Next-Generation Sequencing Advances

This year marks a new chapter in the second-generation (next-generation or NGS) DNA sequencing market, as a new set of NGS systems hit the market. The first generation of DNA sequencers consisted of capillary electrophoresis (CE) systems employing Sanger sequencing. Third-generation, or single-molecule, systems directly sequence DNA molecules. NGS sequencing technology, which is characterized by massively parallel sequencing and clonal amplification, has progressed at a rapid pace. The new NGS systems seek to expand the market, capitalize on technology differentiators, and offer new options for both established and newer applications.

To gain an understanding of the current state of NGS technology and applications, IBO spoke with Elaine Mardis, PhD, the codirector and director of Technology Development at the Genome Institute at Washington University. Her current NGS work includes the study of tumor genome evolution and participation in the Human Microbiome Project. Dr. Mardis surmised that the three most popular applications of NGS are targeted capture (targeted resequencing), whole-genome sequencing and RNA-Seq.
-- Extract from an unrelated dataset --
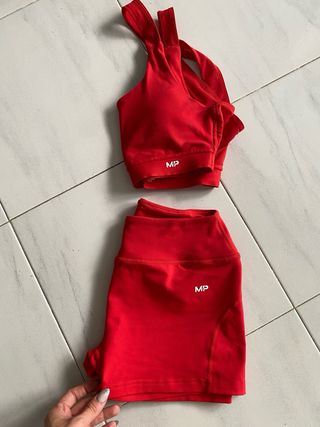 Conjunto deportivo Myprotein rojo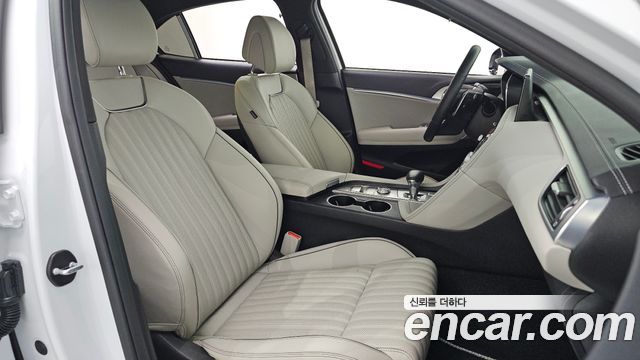 Genesis G70 2023 — photo 17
One area that has advanced the use of NGS is informatics. Asked about current NGS informatics challenges for primary analysis, Dr. Mardis told IBO that there is a need for faster alignment algorithms. “Another [challenge] is the need to eliminate various sources of ‘noise’ from alignment algorithms.” Alignment using short reads has been improved through the use of paired reads: paired ends for short inserts and mate pairs for long inserts. By producing DNA fragments a known distance apart, these approaches can be used to close gaps in a genome using a reference genome or to assemble small de novo sequences. “A last pressing need is for improved assembly of short read pairs, often in combination with long reads or read pairs (mate pairs), so that better de novo assemblies can be obtained,” she said.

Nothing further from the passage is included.